Seine Augen verengen sich. »Ich wüsste nicht, was Sie das angeht. Was tun Sie schon wieder hier?
»Ich meditiere.« Hier finde ich zur Ruhe.
»Bei einem Gewitter?«, fragt er ungläubig und zieht dabei eine Braue nach oben.
»Heute ist es schön. Letztens hat mich das Unwetter überrascht und ich war so vertieft, dass ich ringsherum nichts mitbekam.«
»Okay«, erwidert er lang gezogen und irgendwie schwingt insgeheim die Frage mit, ob ich noch bei Sinnen bin. Ich kann es verstehen, wahrscheinlich würde ich an seiner Stelle genauso denken. »In Zukunft unterlassen Sie das bitte, ich brauche hier keine Tote, haben Sie verstanden?«
»Ich hatte nicht vor, mich umzubringen, Sie Schlaumeier«, kontere ich energisch. »Wissen Sie nicht, wie meditieren funktioniert? Man richtet seine ganze Aufmerksamkeit nach innen«, erkläre ich mein Verhalten, obwohl es ihn anscheinend nicht interessiert.
»Suchen Sie sich für Ihren Esoterikkram einen anderen Platz, wo Sie sich mit irgendwelchen Geistern vernetzen.« Er presst seine gleichmäßig geformten Lippen aufeinander und seine dunklen Augen funkeln mich böse an. Gestern wirkte er hilfsbereit, heute ist er eher kampflustig.
»Ihnen würde auch ein wenig Meditation guttun«, feuere ich ihm entgegen und eile davon. Ich lasse ihn einfach stehen. Was soll ich mit so einem engstirnigen Idioten diskutieren? Er hat nur seine Dollarscheine im Kopf, so wie er aussieht und redet.
Gedanklich verabschiede ich mich von diesem Ort, der mir die letzten Wochen eine gewisse Kraft geschenkt hat. Ich renne los, während ich den Typen weit entfernt noch etwas sagen höre. Wahrscheinlich nur wieder irgendeine Beschimpfung, auf die ich liebend gerne verzichten kann.
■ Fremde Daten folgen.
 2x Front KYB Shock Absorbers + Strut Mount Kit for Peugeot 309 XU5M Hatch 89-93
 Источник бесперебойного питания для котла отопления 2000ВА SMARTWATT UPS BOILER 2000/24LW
Als ich vor meinem Elternhaus ankomme, entdecke ich Dad auf der Veranda. Mit beiden Händen umklammert er eine Kaffeetasse und starrt auf den Boden. Er wirkt gedankenverloren, so wie ich auch. Mit eiligen Schritten gehe ich an ihm vorbei und bringe nur ein knappes »Hallo« heraus. Ich habe nicht die Kraft, mich jetzt mit unseren Familienproblemen auseinanderzusetzen. Wie automatisch fasse ich nach der Türklinke, als mein Dad ein lautes Räuspern von sich gibt.
»Guten Morgen, Elea«, sagt er mit tiefer Stimme und unsere Blicke begegnen sich. »Du warst heute nicht beim Frühstück«, stellt er fest und seine Augen wirken müde. »Komm, setz dich kurz zu mir.« Er rutscht ein Stück zur Seite und macht Platz für mich.
»Ich muss duschen gehen, können wir später reden?«
»Ein paar Minuten hat das doch noch Zeit, oder?« Mehrmals klopft er mit der Hand auf die freie Stelle neben sich.
»Ja, vielleicht«, murmle ich mehr zu mir selbst, setze mich aber schlussendlich hin.
»Wie geht es dir?«, erkundigt sich Dad.